By stewartb
Some further background on Labour and ‘buses’:
From Hansard volume 760: Commons debate on Economic Growth, 21 January 2025
Rachel Reeves (Labour, Chancellor of the Exchequer): “A number of local authorities and, indeed, Labour mayors have raised with me bus procurement and the importance of buses for the local economy. I look forward to working with them, particularly David Skaith in York and North Yorkshire and Steve Rotheram in Liverpool, to boost bus services in communities, and particularly rural communities, to support jobs in the UK. At the Budget, I allocated more than £1 billion for local bus services, and that includes £712 million for local authorities to support and improve bus services in the next financial year.”
Presumably there’s been a Barnett consequential? But still no Block Grant Transparency report published for you and I to find out.
Later in the debate, from Alison Hume (Labour, Scarborough and Whitby): ‘The bus manufacturer Alexander Dennis builds innovative electric buses, employing 800 people in Scarborough. The Chancellor has spoken about the need for public procurement to take better account of employment and environmental standards.
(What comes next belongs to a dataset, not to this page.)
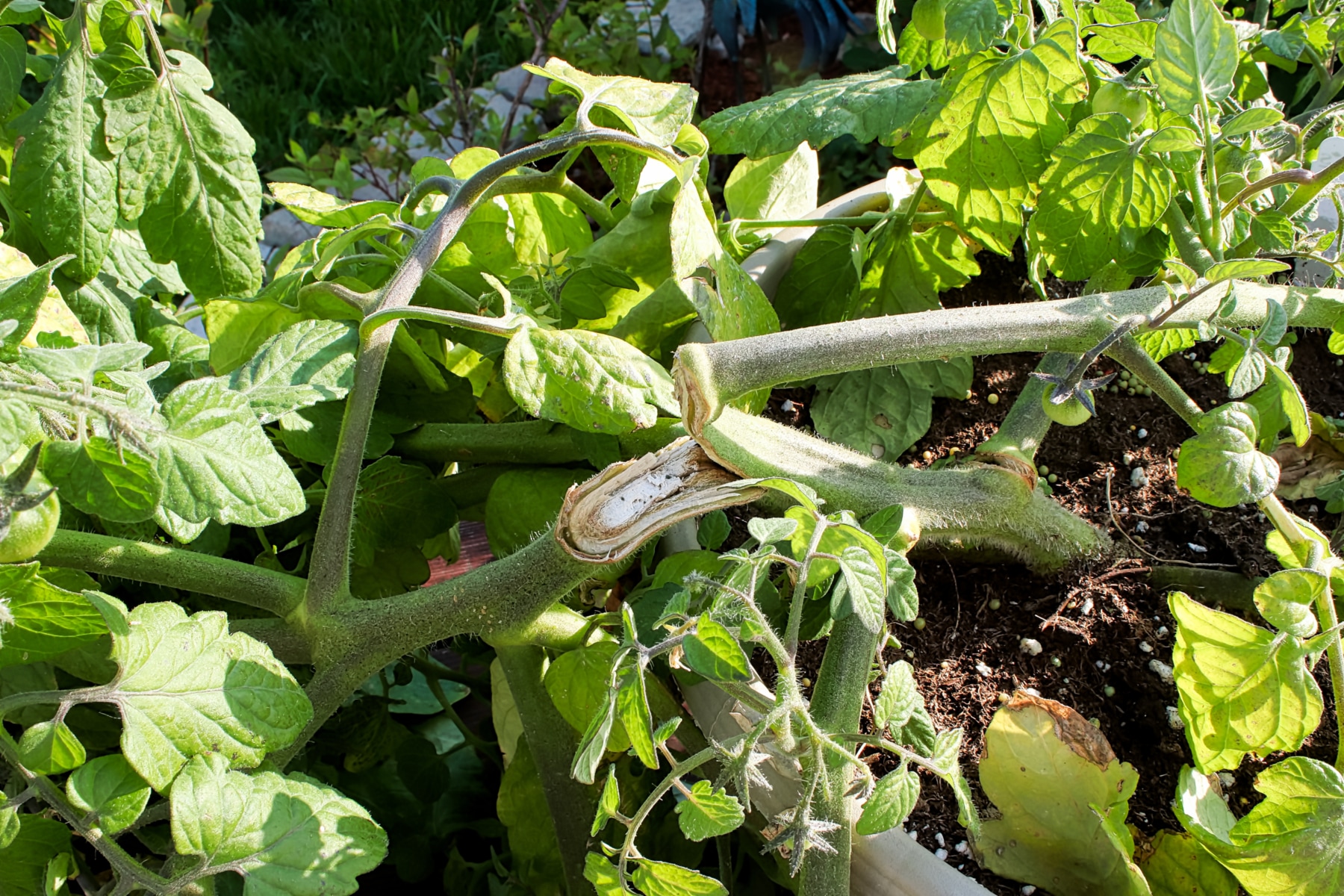 Abgeknickte Tomatenpflanze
As bus services are brought back into the control of mayors and local authorities, will the Government use public procurement to back British companies such as Alexander Dennis to boost economic growth?
Rachel Reeves: ‘My hon. Friend is a good advocate for businesses, including Alexander Dennis in Scarborough. The Government will soon publish a new national procurement policy statement, which will set out our priorities for public procurement in support of our mission to grow the economy. In addition to the answer I gave my hon. Friend the Member for Stoke-on-Trent North (David Williams), we recognise the importance of buses in growing our economy by getting people to work, but also the opportunities to use public procurement to buy more buses made in this country, supporting good jobs here in Britain.’
And from this local news source (4 April 2025): https://www.thisisthecoast.co.uk/news/local-news/uk-mayors-being-urged-to-buy-scarborough-buses/
‘UK Mayors Being Urged to Buy Scarborough Buses’: ‘Mayor’s across the UK are being urged to buy British buses when they look at moving to franchised bus systems. Many of the newly created regional Mayors have powers over public transport and many are looking at franchising models to provide more integrated transport systems.
‘Scarborough Councillor Liz Colling drew attention to the town’s own bus manufacturer during a discussion with the Chief Exec of the York and North Yorkshire Mayoral authority – James Farrar.
‘In January Alison Hume, the Member of Parliament for Scarborough and Whitby pressed the chancellor on whether the Government will “back British companies such as Scarborough’s Alexander Dennis to boost economic growth” through the use of public procurement. The company, which is a major employer in Scarborough, is the world’s largest manufacturer of double-decker buses and is Britain’s biggest bus builder. James Farrar says local manufacturers are being considered in the conversations.’
On October 9 2024 the same local news source had this headline: ‘MP Watching Developments at Whitby Mine and Scarborough Bus Firm’. It includes this extract from a statement from Alexander Dennis:
‘The company’s investment in people, products and facilities, as well as those made by other UK manufacturers to strengthen the domestic manufacturing base are currently not honoured by government policies that would reward the higher wages paid and better employment rights offered in the UK. Companies have been put at a disadvantage by policies that actively underpin and encourage an uneven playing field working against British bus manufacturers. (my emphasis)
‘Import duties are often used to incentivise investment in domestic products and jobs, ensuring they are not undercut by lower-paying and lower-security roles elsewhere, yet the 10% tariff applied to electric buses is even lower than the 16% rate for equivalent diesel vehicles. While many countries increasingly employ trade remedy measures to promote domestic manufacturing industries, there is yet to be any such action in the UK.
‘Despite various stated political ambitions to support local businesses, supply chains and communities, authorities are prevented from considering such wider benefits due to the subsidy control legal framework, underpinned by the Subsidy Control Act 2022. This sets out requirements and prohibitions which include an inability to grant subsidy that gives any additional consideration or weighting to domestic manufacturers over any non-domestic provider.’ (This is Westminster legislation applying across the UK.)
The statement goes on: ‘In Scotland, UK-based vehicle manufacturers are at an additional disadvantage when in direct or indirect receipt of Scottish Government funding as they must adhere to advanced Fair Work First standards of employee remuneration, welfare and safety, while no such requirement is made of suppliers whose production takes place in other countries. Neither are bus operators incentivised or rewarded for choosing companies that meet Fair Work First standards when funding is awarded. This not only puts domestic manufacturers at further competitive disadvantage, but also undermines the value of this flagship policy as government-funded work is shipped offshore.”
So in England, Alexander Dennis does NOT have to ‘adhere to (such) advanced Fair Work standards’?